Depth effect on point shear wave velocity elastography: Evidence in a chronic hepatitis C patient cohort

Introduction

Chronic liver diseases (CLDs) represent a significant health problem worldwide since they are related to progressive liver damage, end-stage cirrhosis and tumours. ¹ Although histological evaluation remains the reference standard for the diagnosis and staging of CLD, ² liver biopsy has several limitations that do not allow for its widespread use or its repetition along the course of the disease. ²

Several noninvasive methods have been proposed to avoid biopsy, such as serological or imaging-based tests. ² In the field of imaging, liver surface nodularity (LSN) represents one of the most specific signs for the diagnosis of cirrhosis,^3,4 but recognizing LSN requires operator experience and quality ultrasound devices, and it is a useful tool only for the macronodular form of cirrhosis.
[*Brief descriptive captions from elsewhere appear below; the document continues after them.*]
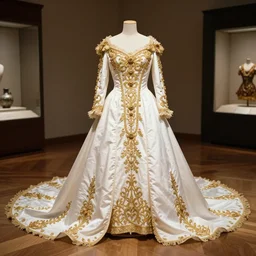 the film still photographed image is of this image is of a 1 9 0 0 s haute couture opera ensemble gown inspired by pluto. the gown is featured in a museum and is on display for all to see. the gown is a beautiful white color with intricate gold detailing. the train of the gown is long and flowing, and the overall look is very regal and elegant. vibrant cinematography, anamor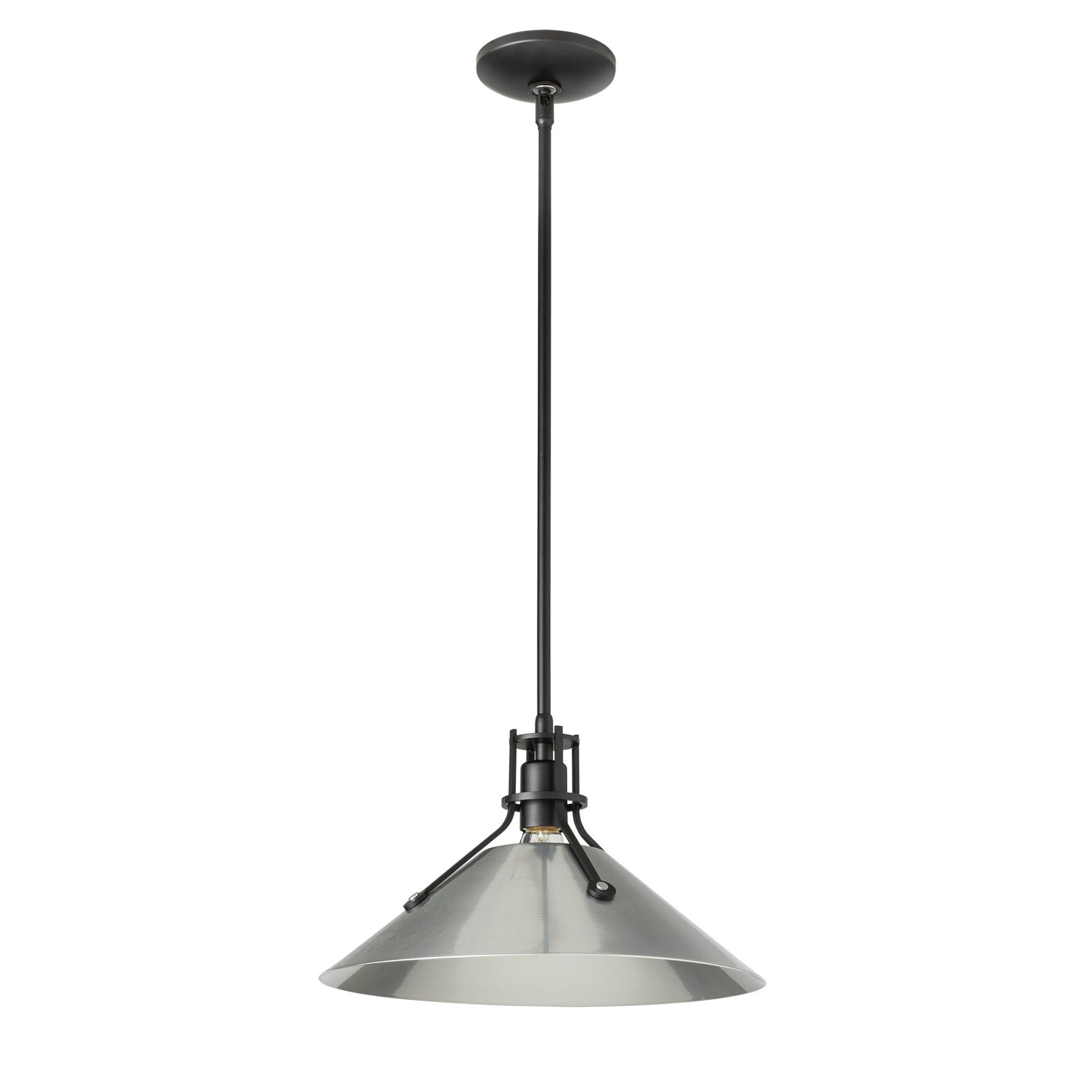 Henry Medium Steel Shade Pendant 1-Light Sterling Accent in Black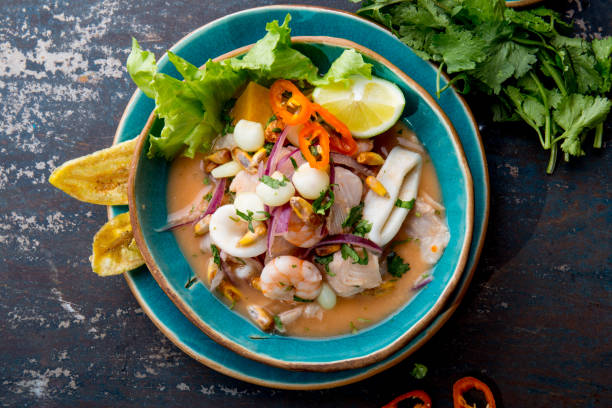 istock PERUVIAN CEVICHE SEBICHE. Peruvian seafood and fish sebiche with maize 1161588097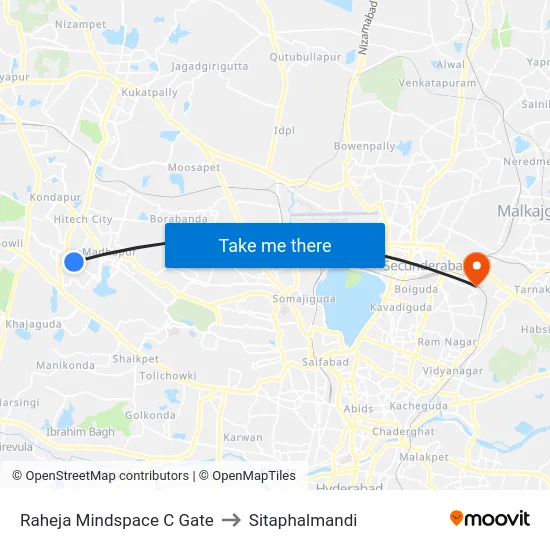 Raheja Mindspace C Gate to Sitaphalmandi map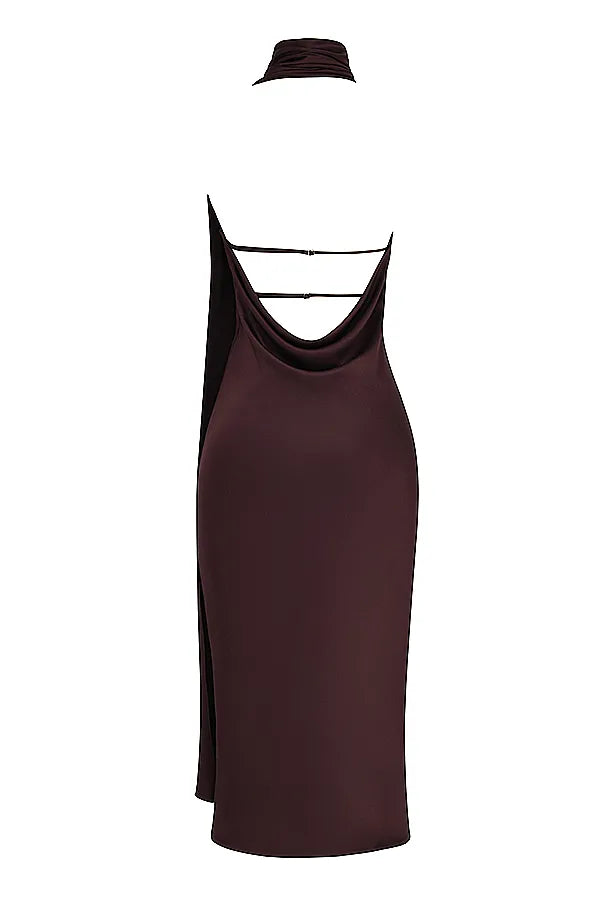Angelina Chocolate Wrap Neck Midi Dress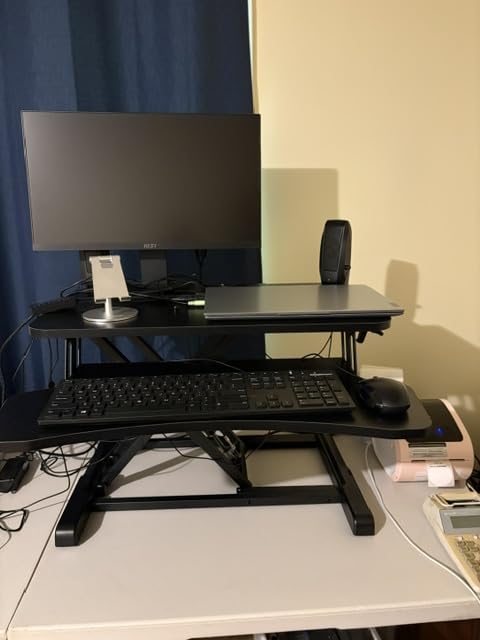 VIVO Black 48 in Standing Desk Converter, DESK-V048KB | Extra Large, Height Adjustable, Stand Up Desk Riser, Keyboard Tray, Dual Monitor & Laptop Workstation, Black Frame, K Series customer photo 2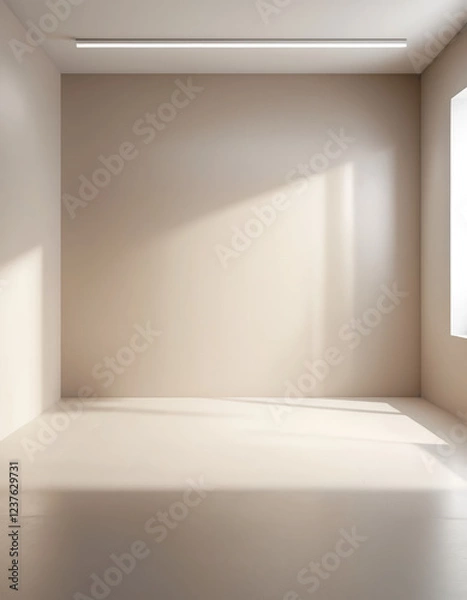 Fototapeta A clean, modern 3D-rendered studio with a smooth gradient backdrop transitioning from light gray to soft beige. A subtle spotlight effect highlights the center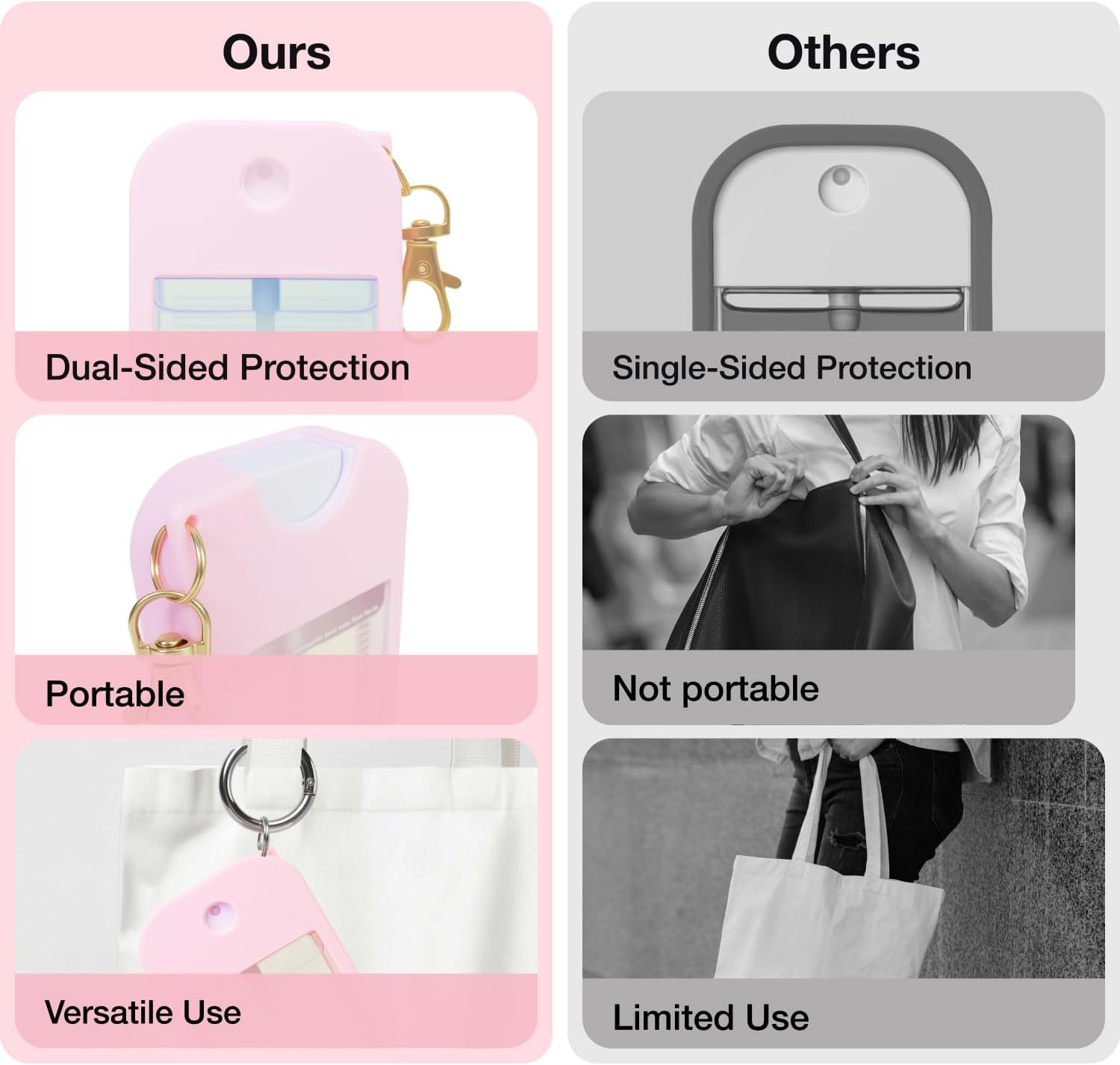 LEISENOR Silicone Case for Touchland Power Mist & Glow Mist — Protective 1 oz Case with 360° Keychain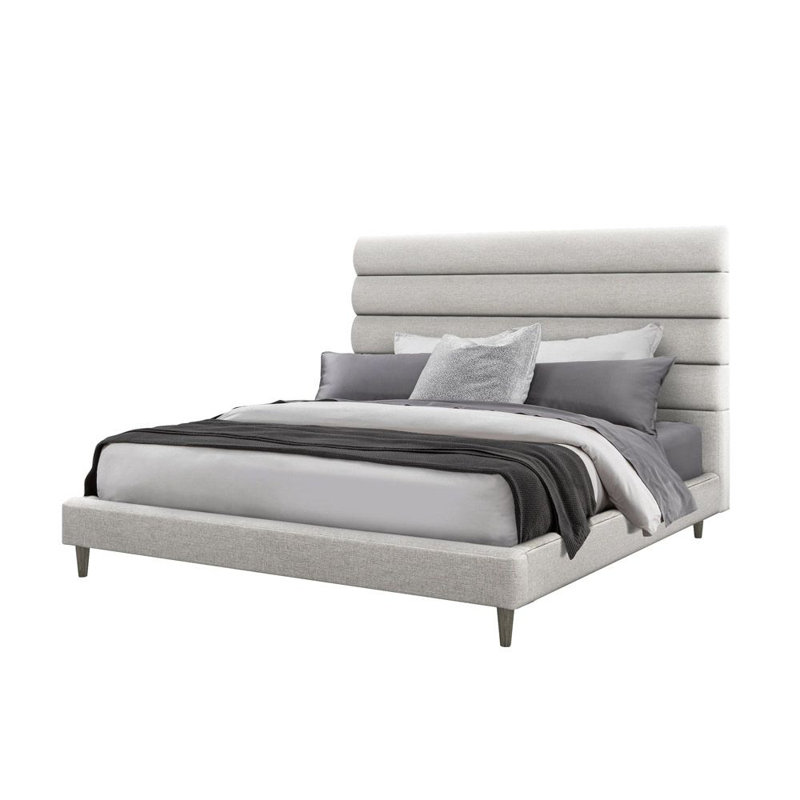 Upholstered Bed, Queen, Pure Gray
In recent years, a radical change in the clinical approach to CLD has occurred with the application of quantitative elastometry in ultrasound examination. ² Ultrasound devices with elastometric software applied (USED) track and measure the velocity of the shear waves (SWVs) resulting from an applied force. ⁵ Since SWVs are related to stiffness, which is mainly related to fibrosis, elastometric ultrasound systems can act as surrogates for liver biopsy to measure fibrosis in CLD and recognize minimal/mild liver disease, advanced liver disease, or cirrhosis.^2,6,7

USEDs have rapidly changed the clinical scenario of noninvasive evaluation of liver damage because they are broadly diffused, the examination is inexpensive and rapid, and USEDs provide a digital numeric output independent of the operator that is risk free and repeatable without limits.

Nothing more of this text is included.